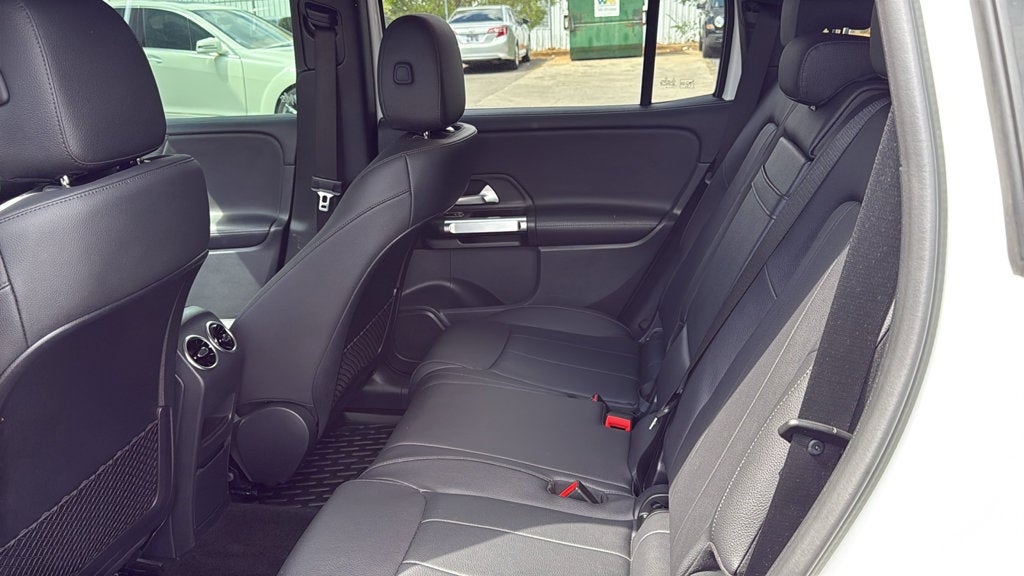 2023 Mercedes-Benz GLB GLB 250 4MATIC®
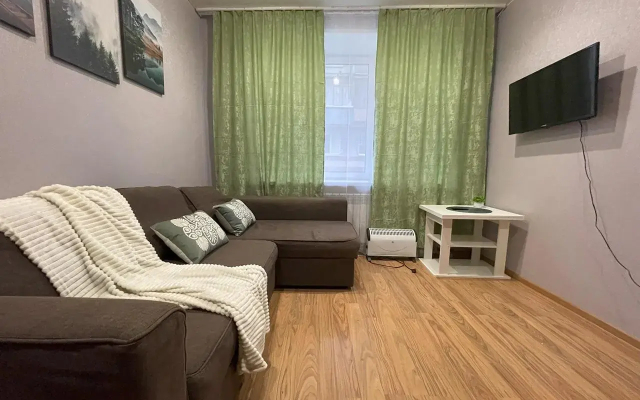 Апартаменты на улице Радужная 4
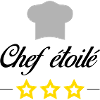 Chef étoilé
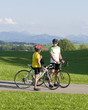 Rast mit Ausblick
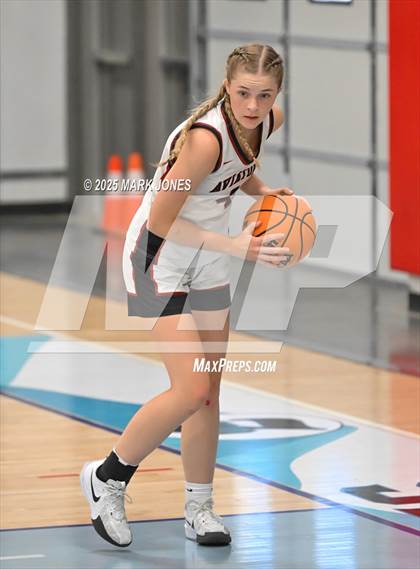 Thumbnail 2 in Cedar Valley vs. Coronado (Section 7) photogallery.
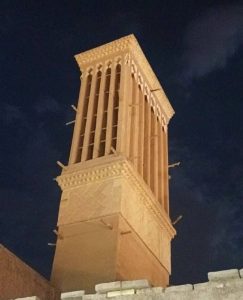Historical and old attractions of Yazd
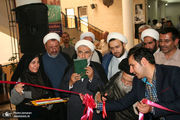 افتتاح نمایشگاه «هزار جلوه افلاکیان» در نگارستان امام خمینی(س)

· · ·

In the data above, the line containing "Chef étoilé" and all lines after it are to be reproduced exactly, leaving out the pictures.

 Chef étoilé
 Rast mit Ausblick
 Thumbnail 2 in Cedar Valley vs. Coronado (Section 7) photogallery.
Historical and old attractions of Yazd
 افتتاح نمایشگاه «هزار جلوه افلاکیان» در نگارستان امام خمینی(س)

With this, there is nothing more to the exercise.